UVA Law Professor Paul Stephan Teaches International Civil Litigation Course in China
University of Virginia law professor Paul Stephan recently wrapped up a stint teaching at the Peking University School of Transnational Law, a law school in Shenzhen, China, that aims to provide a U.S. legal education to Chinese students.
Stephan, the director of the Graduate Studies Program and an expert on international business and Soviet and post-Soviet legal systems, taught a six-week module on international civil litigation, which is essentially an advanced civil procedure course focused on the problems that can arise from transnational disputes.
"This is the other side of the world from Virginia, but our alumni and friends are very active here and part of the excitement," Stephan said while still in China. "There may be a tendency for people interested in the world economy and international law to focus on the U.S.-Europe relationship.
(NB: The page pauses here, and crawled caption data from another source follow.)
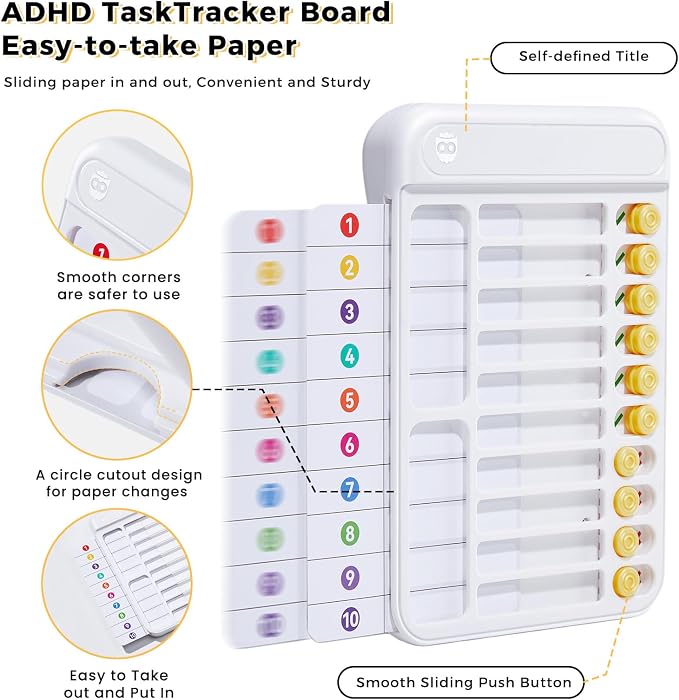 Chores Chart for Kids to Do List Checklist Chore Board ADHD Tools Magnetic Chore Chart with Sliders and Magnetic Marker for Fridge 2PCS White Chore Chart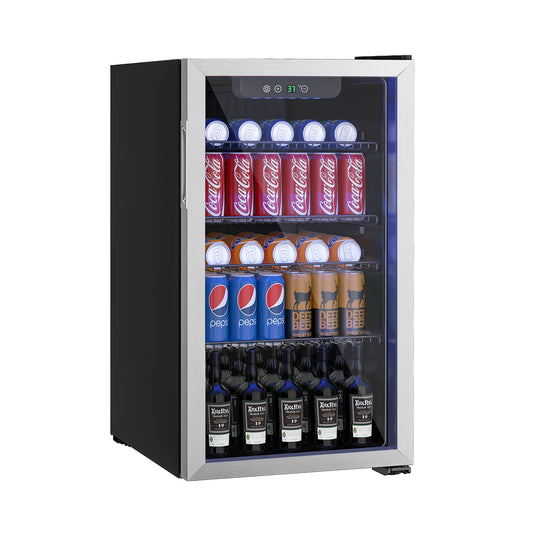 Erivess Compact Freestanding Beverage Refrigerator,126Can/3.2Cubic Feet Fridge with Glass Front Door for Soda, Beer or Wine, Under Counter Drink Dispenser with Adjustable Shelve & Digital Display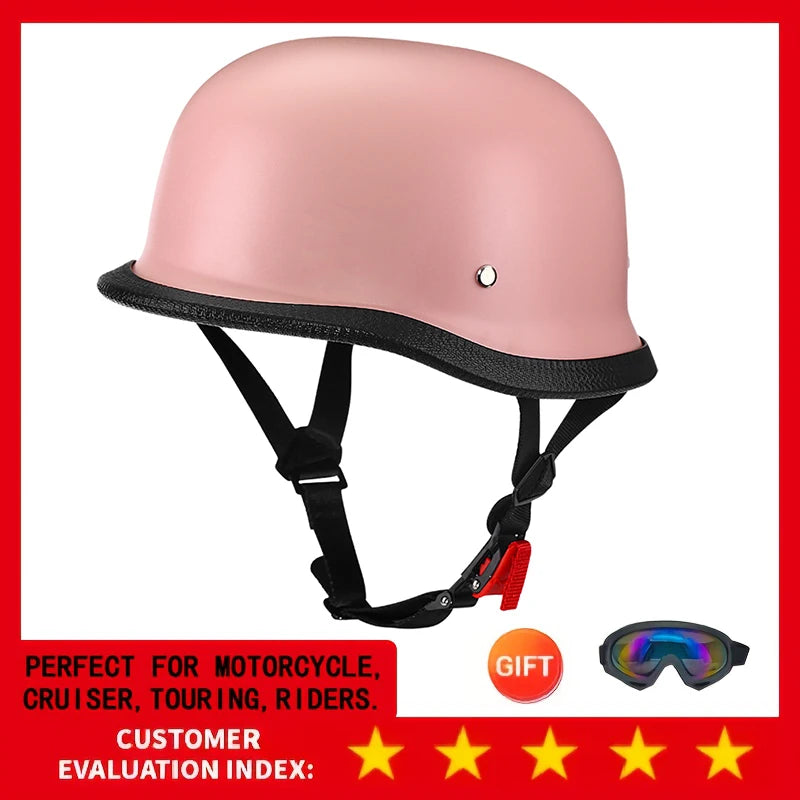 Motorcycle Half Helmet German Leather Vintage Helmet Casco Moto Motorcycle Open Face Helmet Biker Pilot DOT Certification M-L-XL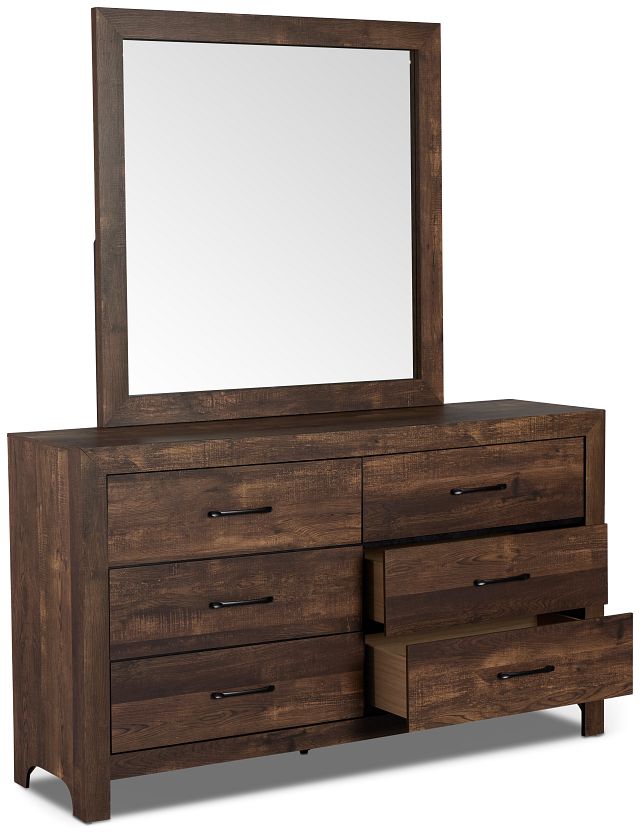 Ollie Dark Tone Dresser & Mirror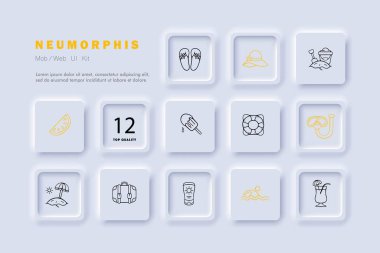 Yaz tatili ikonu. Güneş, şort, iskemle, şemsiye, bronzlaşma, haftasonu, turizm. Neomorfizm tarzı. Vektör satırı simgesi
I love my time in Europe, but the dynamism that one encounters in this part of the world is exceptional."
Stephan is one of a number of UVA law professors who have recently taught courses abroad. (More)
The School of Transnational Law in Shenzhen graduated its first class last year. Most of its students are Chinese nationals, some of whom will go on to take the bar exam in the United States after taking the Chinese bar exam and working for a year in China.
"There is a strong emphasis on servicing the global economy and there now are global Chinese law firms, as well as foreign (largely U.S. firms) with Chinese offices," Stephan said. "Some graduates do plan to work in public interest, politics and government, largely in China although also internationally."
The school has a small permanent faculty but relies heavily on teachers from other law schools, primarily in the United States. Along with Stephan, the recently completed module also featured courses taught by professors from Stanford Law School, Georgetown Law and Penn State Law. Stephen Yandle, the school's acting dean, is a 1972 graduate of UVA Law who began his career working in the Law School's admissions office before moving on to Yale Law School.
Stephan, who previously taught a module at the school in 2011, said both the students and the professors benefit from the Shenzen school's model.
"The students here are going to be very important actors in a very important country, and I hope that I can leave some impressions that will serve them and their country well," he said. "Selfishly, we foreign visitors have an amazing experience."
The students who attend pay substantially more than what a state-provided Chinese legal education costs and tend to be highly motivated, Stephan said.
"Culturally, there is some reticence about speaking up in class, but the questions that come reveal great sophistication, technical understanding and intellectual curiosity," he said. "The students tend to lay in wait, and then ask very challenging and insightful questions. When I question them, they are very good with the answers and show considerable mastery of the readings."
On his first trip to the school, Stephan said, he was surprised by the students' energy and enthusiasm, the lack of self-censorship or ideological framing in conversations, and by the fast pace at which the area is being developed.
"The little fishing village across from the British territories that existed in 1979 had a population of about 10,000. Today Shenzhen has 15 million people. So everything is new and recently constructed," he said. "Used as I was to the Soviet model, where new construction is obsolete and falling apart before it is finished, I was surprised to find all this new construction was surprisingly attractive and well-made. It is hard to imagine how new everything is here and how much wealth has been created in this region in the last three decades. All this has not come without problems and contradictions, of course, but it is impressive all the same."
Before heading to Shenzhen, Stephan also taught an intensive one-week version of his emerging markets course at Sydney University and spent a couple weeks giving talks at its law school and at Melbourne Law School.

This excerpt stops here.